# PROBLEM REQUIREMENTS
Beginning with the line that holds "Панель радиатора (телевизор)" and ending with the last line below, please copy every line exactly, add nothing, and leave out the pictures.

Crawled caption data:
--- START ---

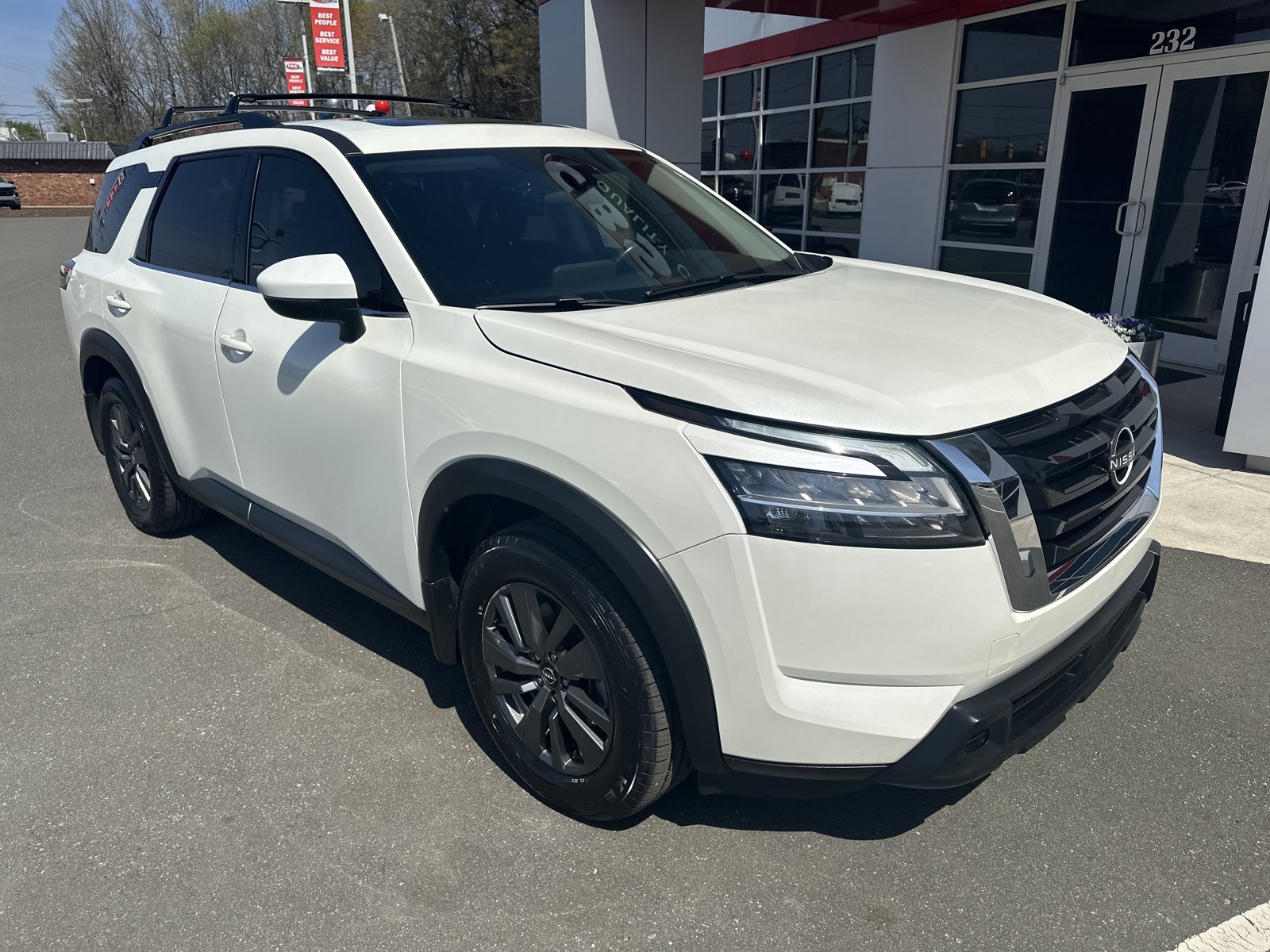 Used 2022 Nissan Pathfinder SV w/ SV Premium Package image 2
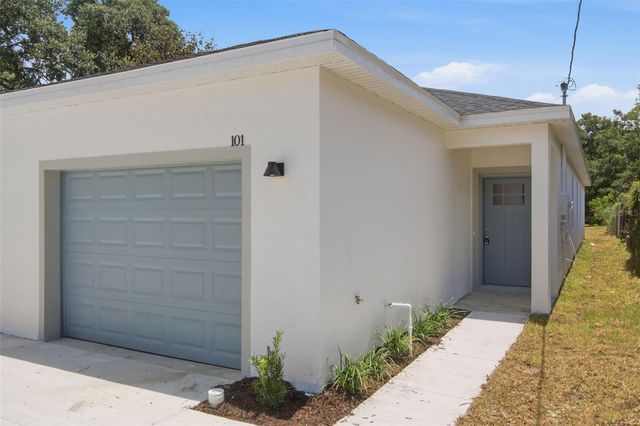67 GLOVER STREET, Eustis, FL 32726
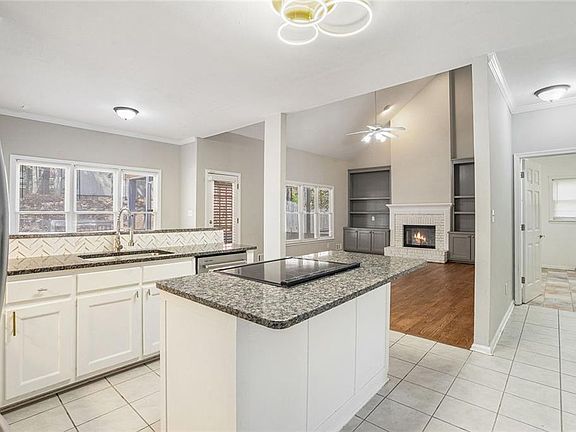 3rd image of 2786 Springrock Way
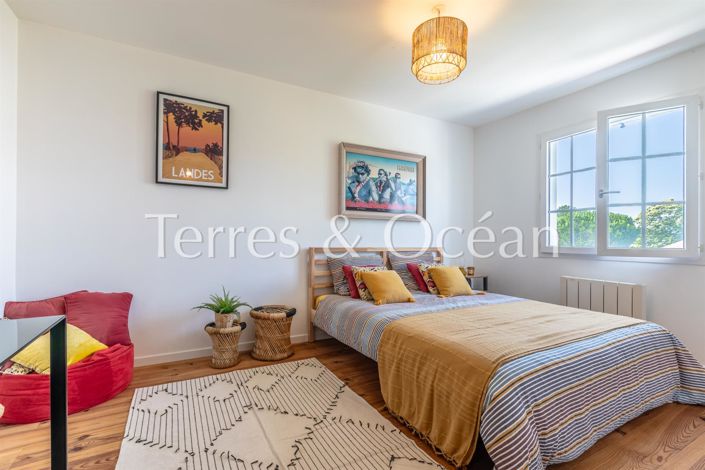 Image No.13-7 Bed House for sale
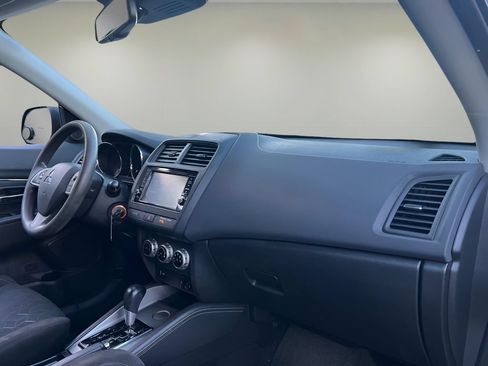 Used 2021 Mitsubishi Outlander Sport FWD image 14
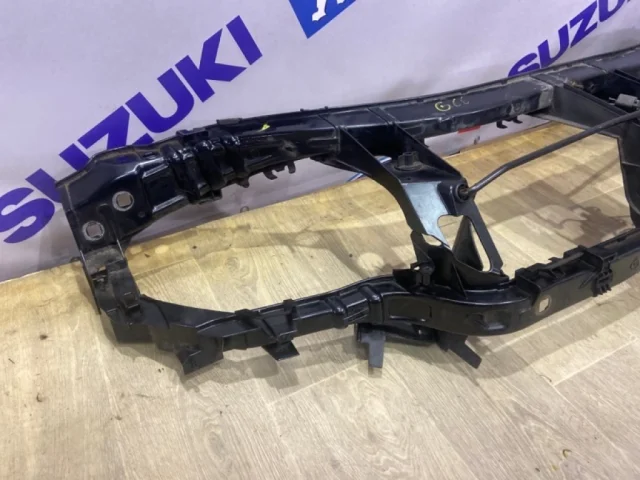 Панель радиатора (телевизор) для Ford Galaxy CD340 2006-2015 на фотографиях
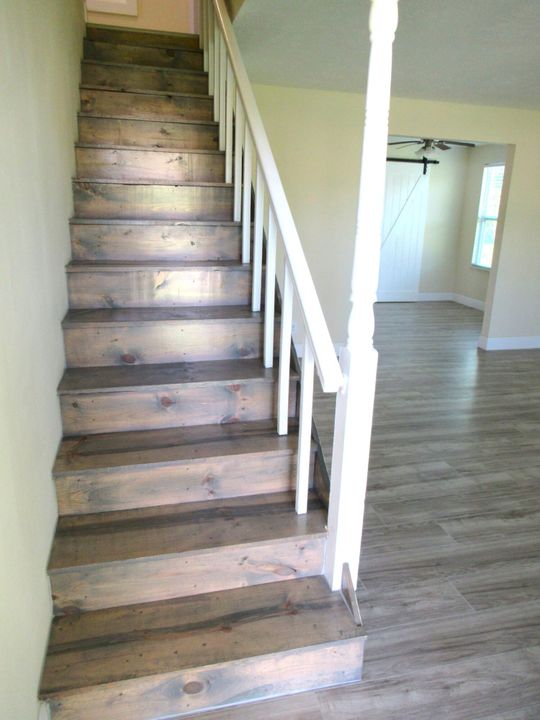 For Rent: $2,600 (3 beds, 2 baths, 1526 Square Feet)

--- END ---

# REPLY
 Панель радиатора (телевизор) для Ford Galaxy CD340 2006-2015 на фотографиях
 For Rent: $2,600 (3 beds, 2 baths, 1526 Square Feet)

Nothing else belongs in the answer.